Deloitte this month released a report, “Next Gen Child Support,” outlining new approaches to improving services within child support enforcement.  In particular, states are focusing on modernizing legacy IT systems to better leverage data and bring operational improvements.

The customary model of child support enforcement is no longer effective with the decline of traditional family structure, increasing incarceration rates, and continued economic hardships.  New technologies are needed to tap into data within state and local agencies–maximizing enforcement strategies.

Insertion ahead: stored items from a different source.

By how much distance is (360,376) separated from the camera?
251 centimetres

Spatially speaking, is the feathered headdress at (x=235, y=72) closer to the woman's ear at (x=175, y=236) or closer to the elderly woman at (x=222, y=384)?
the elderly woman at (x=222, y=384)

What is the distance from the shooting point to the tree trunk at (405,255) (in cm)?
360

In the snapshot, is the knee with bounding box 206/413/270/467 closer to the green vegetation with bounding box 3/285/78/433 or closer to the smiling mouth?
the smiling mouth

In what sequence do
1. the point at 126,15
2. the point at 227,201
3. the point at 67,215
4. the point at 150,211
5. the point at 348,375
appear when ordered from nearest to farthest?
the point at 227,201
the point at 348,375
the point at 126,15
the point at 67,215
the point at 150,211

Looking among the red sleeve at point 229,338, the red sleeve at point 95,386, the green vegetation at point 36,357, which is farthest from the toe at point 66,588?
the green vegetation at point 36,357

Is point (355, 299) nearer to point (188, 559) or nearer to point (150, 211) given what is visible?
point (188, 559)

“When Federal legislation came down and required all state systems to be on a centralized system, many states…moved to a single child support system.  All of them are in legacy technology,” said John White, the lead for National Child Support Practice at Deloitte, in an interview. “These systems have aged quite a bit…and are very inflexible to meet what states need to do.”

To move forward with getting money to families quickly and more consistently, states are looking to replace their child support systems–with 85 percent to 90 percent of states needing to do so in the next 5-8 years, at a cost of $50 million to more than $100 million.

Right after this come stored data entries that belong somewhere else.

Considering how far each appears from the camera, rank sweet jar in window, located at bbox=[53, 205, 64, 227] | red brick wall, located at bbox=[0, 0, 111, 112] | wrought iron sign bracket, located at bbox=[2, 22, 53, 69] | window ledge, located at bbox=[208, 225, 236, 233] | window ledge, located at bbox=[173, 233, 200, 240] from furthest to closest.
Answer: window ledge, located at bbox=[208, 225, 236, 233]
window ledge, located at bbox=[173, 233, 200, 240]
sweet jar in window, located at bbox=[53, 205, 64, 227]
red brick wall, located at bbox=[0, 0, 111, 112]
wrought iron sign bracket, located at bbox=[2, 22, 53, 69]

But, this legacy modernization is necessary to support modern data analytics and take the shift from pure enforcement to providing child support services that integrate with other government programs–such as improving access to labor markets.

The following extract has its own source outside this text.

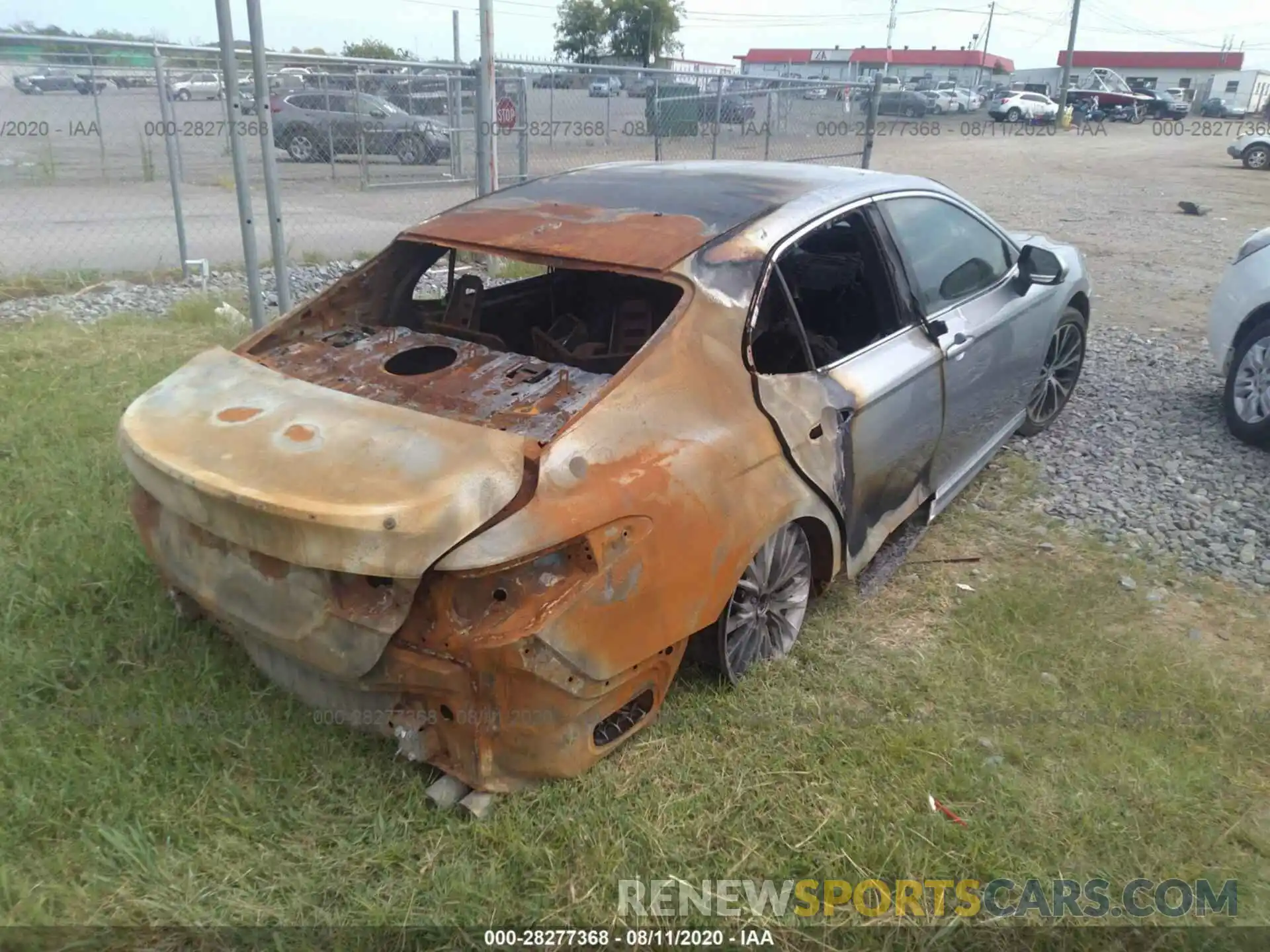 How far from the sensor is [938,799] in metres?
2.60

Margot Bean, former commissioner of the Office of Child Support Enforcement at the Department of Health and Human Services, highlighted in a recent interview, “Customer service has become a focus for child support agencies….They realize they need to meet the customer where they are and provide what they actually need.”

Under “child support 2.0,” there are five ways to use data and data analytics to improve customer service and deliver greater outcomes:

  • Predictive analytics–caseworkers receive suggested actions based on the specific needs of each case.
  • Case segmentation–agencies group cases based on key criteria and apply different remedies based on obvious variables and underlying factors.
  • Data-driven enforcement–agencies select an enforcement strategy based on what action has the greatest chance of success.
  • Smart case assignment–matching cases with caseworkers who are best-equipped to handle them based on current workload, case characteristics, and experience level.
  • Nudging for better outcomes–increasing the amount of small, inexpensive “nudges” in the form of communications to potentially avoid using more aggressive enforcement tools.

Bean outlines how Pennsylvania is using the last way, nudging for better outcomes, to vastly improve their child support outcomes. “There’s a lot of focus on text messaging in a proactive way–using analytics to predict what might happen with a case and then proactively sending a text message to nudge them to make a payment.”

Pennsylvania alone has seen a $1 million-a-month increase in child support collection using this text message “nudging” system.